4.2.5 Predicted wolf use gradient
In the Białowieża forest, wolves avoid humans in space and time and especially larger settlements (Theuerkauf et al. 2003b, 2003a). As a result, the distance to settlements is found to be a good proxy for perceived predation risk by red deer (Kuijper et al. 2015). As proxy for predicted wolf use we therefore used the distance from the three major settlements Hajnowka (number of inhabitants in 2011: 22.274 inhabitants), Białowieża (2301), and Narewka (935; www.citypopulation.de/en/ poland/localities/lomzynski/), with wolf use predicted to increase with increased distance from these human settlements.
4.2.6 Statistical analysis
We analyzed the influence of the predicted wolf use and site productivity on the red deer visitation rate with a linear model. In the model we included red deer visitation rate as response variable and as independent variables distance from the major settlements and SPI, together with the interaction of these two independent variables. We used stepwise model simplification based on F-tests to find the minimal adequate model.
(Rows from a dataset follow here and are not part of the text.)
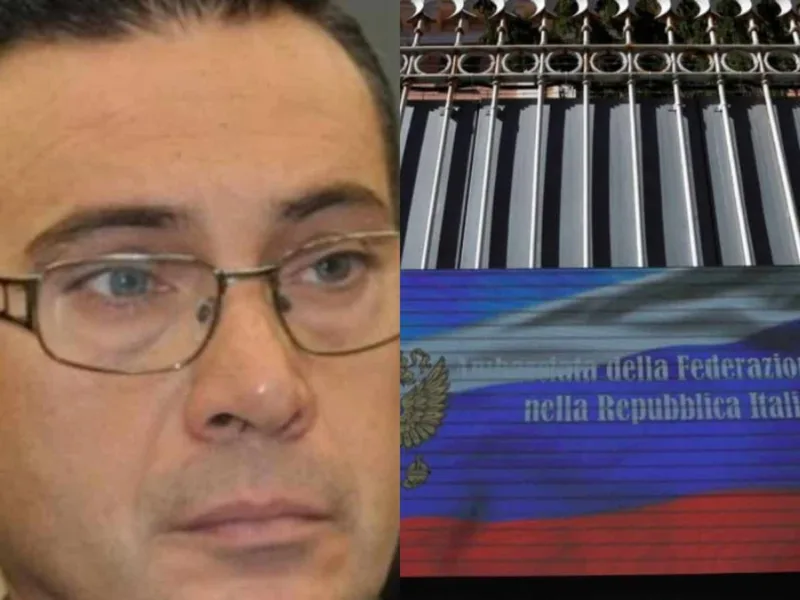 Russia spia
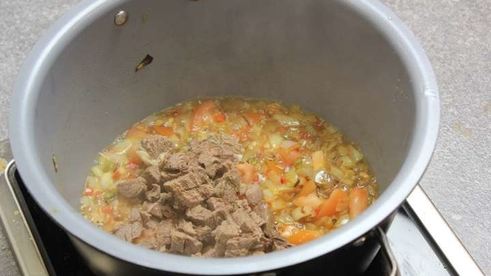 харчо по-грузински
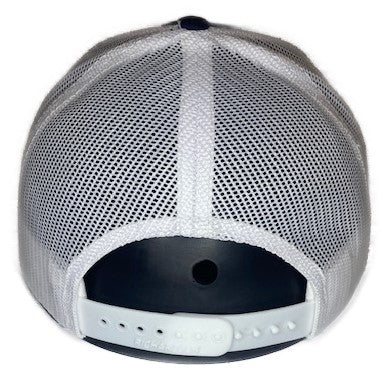 Richardson Trucker Hat - Navy - Image 2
We performed the statistical analyses on sapling survival and sapling height increment for seven tree species. Unfortunately, we had to exclude C. betulus as too few saplings survived due to poor sapling conditions at the moment of planting. We constructed a model per tree species to tests how red deer visitation rate and SPI influenced the species’ sapling survival. We used a generalized model with a binomial error distribution with survival as response variable and red deer visitation rate, SPI, and their interaction as explanatory variables, to calculate analysis-of-variance tables. When we checked the model assumptions we noticed overdispersion (i.e. a higher variance than expected) for the models of A. glutinosa, P. abies, P. pyraster, P. sylvestris, Q. robur and T. cordata, therefore we redid the analysis for these species, but used a quasibinomial distribution instead.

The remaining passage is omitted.